For one thing: Since we measure the $ \lvert k \rangle $-register, we may hope to draw a $ k = N/2 $. But since $ N = 2^n $ this is exponentially unlikely.

Kuperberg’s insight was, to entangle two such states $ \lvert \psi_p \rangle $ and $ \lvert \psi_q \rangle $ via a Controlled NOT. This gives a state of the same kind:

$$
\lvert \psi_p, \psi_q \rangle = \frac{1}{\sqrt{2}}
\big( \lvert \psi_{p+q} \rangle \lvert 0 \rangle + \alpha \cdot \lvert \psi_{p-q} \rangle \lvert 1 \rangle \big)
$$

with some irrelevant phase $ \alpha $. After measuring the second register, we get states of type $ \lvert \psi_{p+q} \rangle $ or $ \lvert \psi_{p-q} \rangle $. Remember that we know $ p $ and $ q $, since we measured this register after the Fourier transform before. Now, we can think of a whole bunch of clever ways to pair $ p $ and $ q $ according to their bitstrings, so that after the entangled measurement, we get a similar state with more zeros in their bitstrings. We can use such new states, that after yet another entangled measurement, we would get other similar states with even more zeros in their bitstrings. Thus by collecting states, measuring their Fourier labels, clever pairing and repeating entangled measurements we are able to generate a sequence of states that pretty soon end up with $ \lvert \psi_{N/2} \rangle $:

$$
\lvert \psi_{k} \rangle = \lvert \psi_{******} \rangle \longrightarrow \lvert \psi_{*****0} \rangle
\longrightarrow \lvert \psi_{****00} \rangle
\longrightarrow …
\longrightarrow \lvert \psi_{*00000} \rangle = \lvert \psi_{N/2} \rangle
$$

Lattice cryptography and the Dihedral Hidden Subgroup Problem

To complete this overview of the hidden subgroup problem, we will look into a highly interesting application of the dihedral hidden subgroup problem. It was discovered by Oded Regev in 2003 xiv. In particular, he reduced certain “shortest vector problems” (SVP), that occur in lattice cryptography, to the dihedral hidden subgroup problem.

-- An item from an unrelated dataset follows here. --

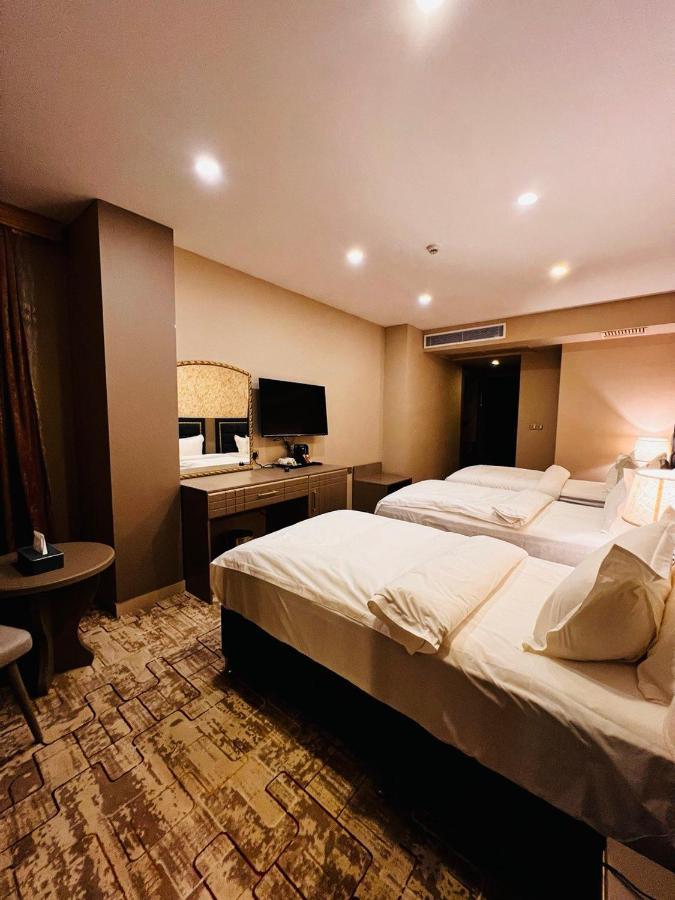 Burj Al Jawad Hotel Baghdād Extérieur photo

2 dimenional lattice with shortest vectors

Image by Catslash via Wikimedia

A mathematical lattice is a periodic set of vectors in $ \mathbb{R}^n $, that is integer-spanned by a few basis vectors $ v_k $. These basis vectors might not be particularly short. A very well studied problem is the question for the shortest vector in the whole lattice (SVP). The larger the dimension of the lattice gets, the harder this shortest vector problem becomes. All known algorithms of the SVP have an exponential runtime, making it a great candidate for cryptography. In his seminal work Regev proved that finding this shortest vector may be reduced to the problem of finding the hidden slope in a dihedral hidden subgroup problem. The dihedral coset problem, that we examined in the previous section, can be extended to the “two point problem” of finding the minimal distance between two vectors $\vec{x}$ and $\vec{y}$ in a lattice via a collection of states of the form:

$$
\frac{1}{\sqrt{2}} \big( \lvert \vec{x}, 0 \rangle + \lvert \vec{y}, 1 \rangle \big)
$$

This sounds surprising at first, because here we are dealing with vectors. But the problem may be cast to an integer problem by chaining the integer components $ x_i – y_i $ of the distance vector to a b-adic representation (with a certain base $ M $), which is the hidden slope to be found:

$$
\sum_{i=1}^n(x_i – y_i) \cdot (2M)^{i-1}
$$

By knowing $M$ and this value, we are able to read off the integer components of the distance vector. Since we also know the basis of the lattice, we have solved the two point problem.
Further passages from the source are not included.